Authentication filters let you set an authentication scheme for individual controllers or actions. That way, your app can support different authentication mechanisms for different HTTP resources.

In this article, I’ll show code from the Basic Authentication sample on http://aspnet.codeplex.com. The sample shows an authentication filter that implements the HTTP Basic Access Authentication scheme (RFC 2617). The filter is implemented in a class namedIdentityBasicAuthenticationAttribute. I won’t show all of the code from the sample, just the parts that illustrate how to write an authentication filter.

Setting an Authentication Filter

Like other filters, authentication filters can be applied per-controller, per-action, or globally to all Web API controllers.

To apply an authentication filter to a controller, decorate the controller class with the filter attribute. The following code sets the[IdentityBasicAuthentication] filter on a controller class, which enables Basic Authentication for all of the controller's actions.

[IdentityBasicAuthentication] // Enable Basic authentication for this controller.
[Authorize] // Require authenticated requests.
public class HomeController : ApiController
{
    public IHttpActionResult Get() { . . . }
    public IHttpActionResult Post() { . . . }
}

To apply the filter to one action, decorate the action with the filter.

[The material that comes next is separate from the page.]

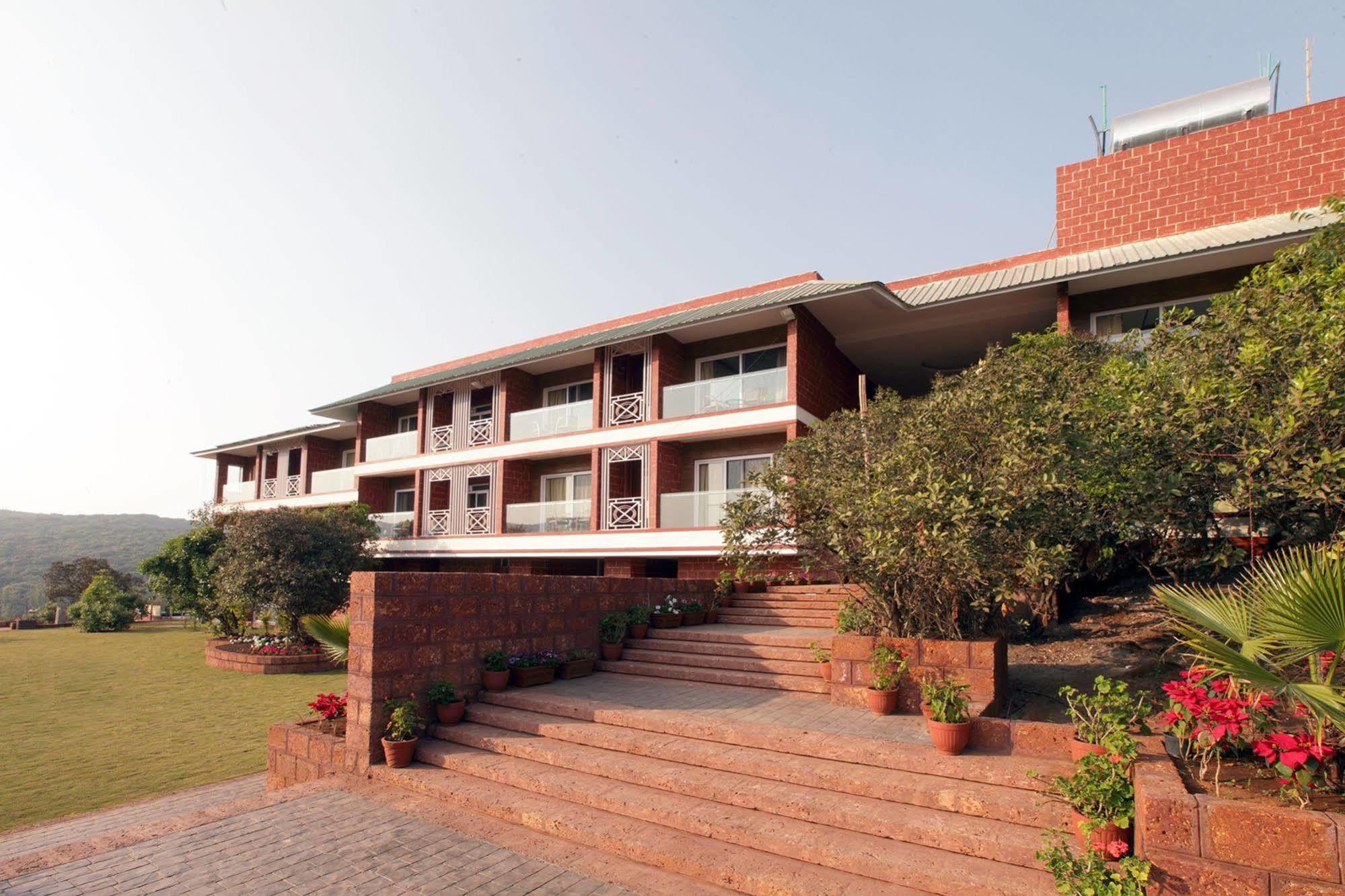 Bella Vista Resort Mahābaleshwar Exterior foto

The following code sets the [IdentityBasicAuthentication] filter on the controller's Post method.

[Authorize] // Require authenticated requests.
public class HomeController : ApiController
{
    public IHttpActionResult Get() { . . . }

    [IdentityBasicAuthentication] // Enable Basic authentication for this action.
    public IHttpActionResult Post() { . . . }
}

To apply the filter to all Web API controllers, add it to GlobalConfiguration.Filters.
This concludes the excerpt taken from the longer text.